Humanism is a path of humility. It follows the great dictum of not knowing, of not settling, of endless curiosity. Humanism is finding our way within a natural world, in which our natural ability to reason and its great flowering as scientific method are seen as things to be cherished and fostered. And we don’t stop there. Humanism is also about music and art and dance, it is all about embodiment.
That said the club is big. Atheist? Great. Christian? Wonderful. We’re all welcome. This is why we’ve been able to welcome pagans and Buddhists in significant numbers into our community over the past decades. The deal is we have a covenant of presence, to each other, and to this precious, hurting, world. Look at us in this spiritual community, as we actually are, shortcomings and accomplishments all taken together, and you can see what that means.
In this lovely old Meeting House today we count that wild kaleidoscopic range of views as natural.
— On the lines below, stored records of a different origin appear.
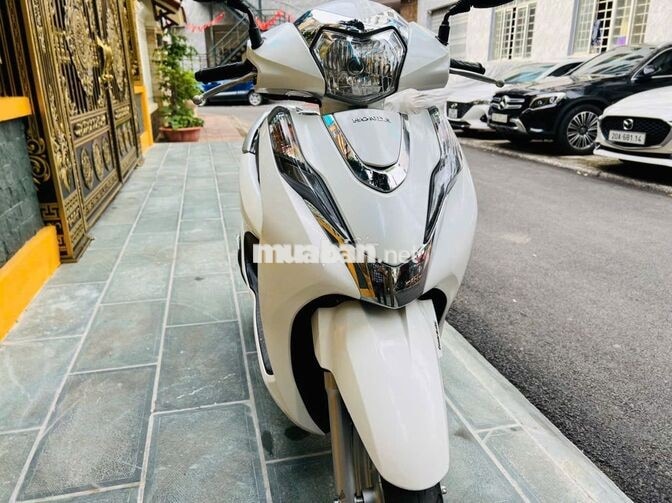 Honda Lead Trắng 2024 máy 125cc bao mới chinh chủ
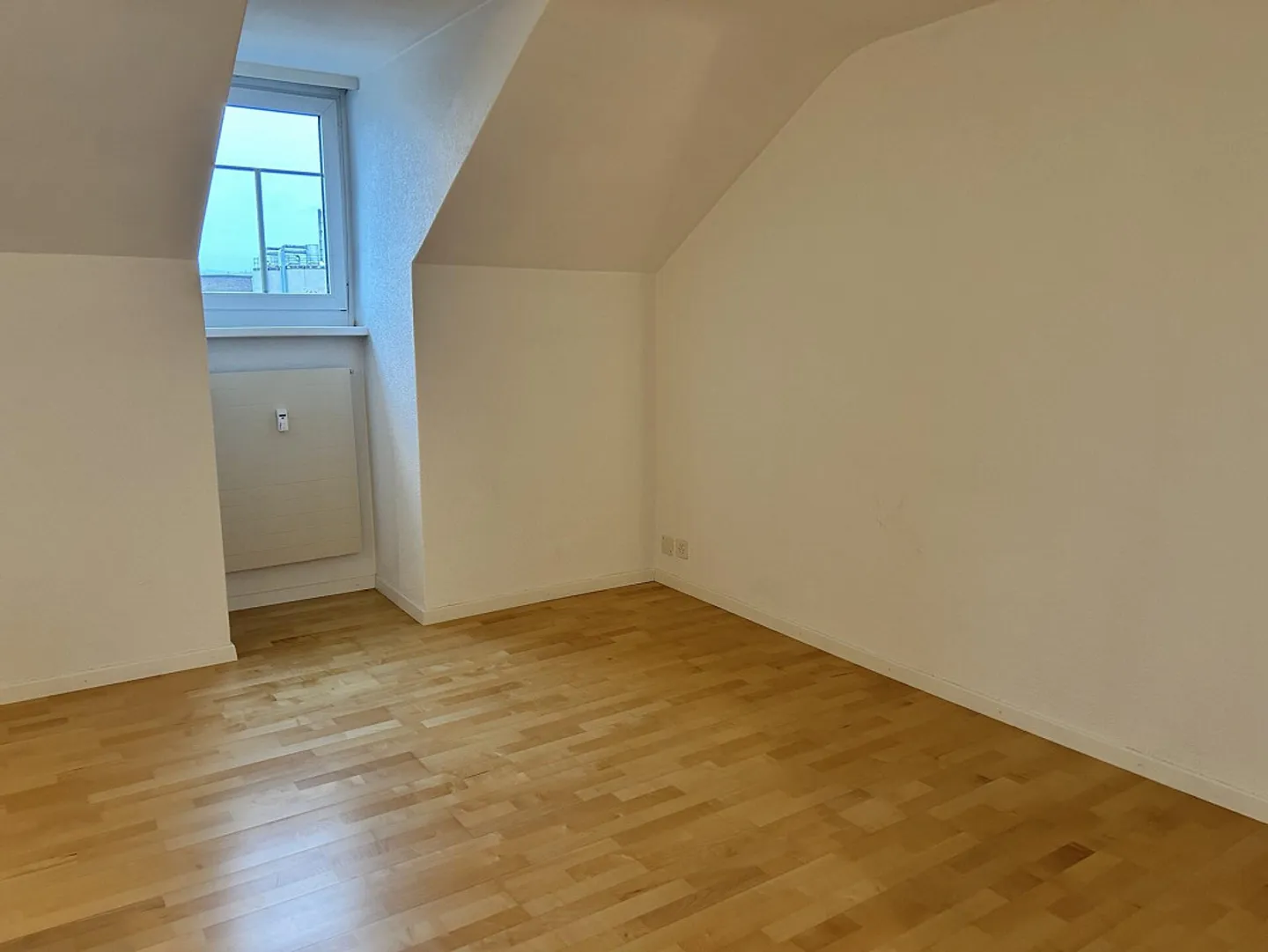 Charmante Dachwohnung in Arbon - Foto 4 von 7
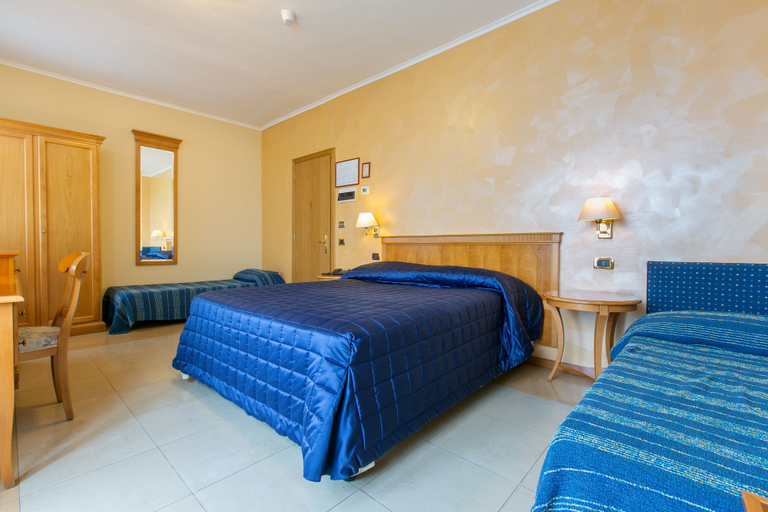 Bedroom 3, Grand Hotel Moon Valley, Napoli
What runs a current, a great rushing tide through our hearts and makes us as one, within all our many spiritualties, is that profound this-worldliness. Just this. Just this. Examined and loved and lived. Lived. That’s why social justice is so important to us. It follows our humanist spirituality, our looking at who we are, really are, and that finding of how we are one family. Knowing this how can we help but act to be of some use in the healing of hurt?
Of course this approach to life can have its shadows, and does. Within our history we see how we can be hyper rational and miss the music of our lives. I’ve already noted how this narrowness marked many of us through much of the twentieth century. And sometimes we over react to our rationalism and can get pretty mushy. So, for instance, we provided a fair amount of the leadership for the spiritualist movement in the late nineteenth century. Not our most rational moment. But, also, whether some large part of us tilts one way or the other, somehow we always seem to correct. And moving a bit one way or another, over time the current that holds for us is a dynamic and spiritual humanism.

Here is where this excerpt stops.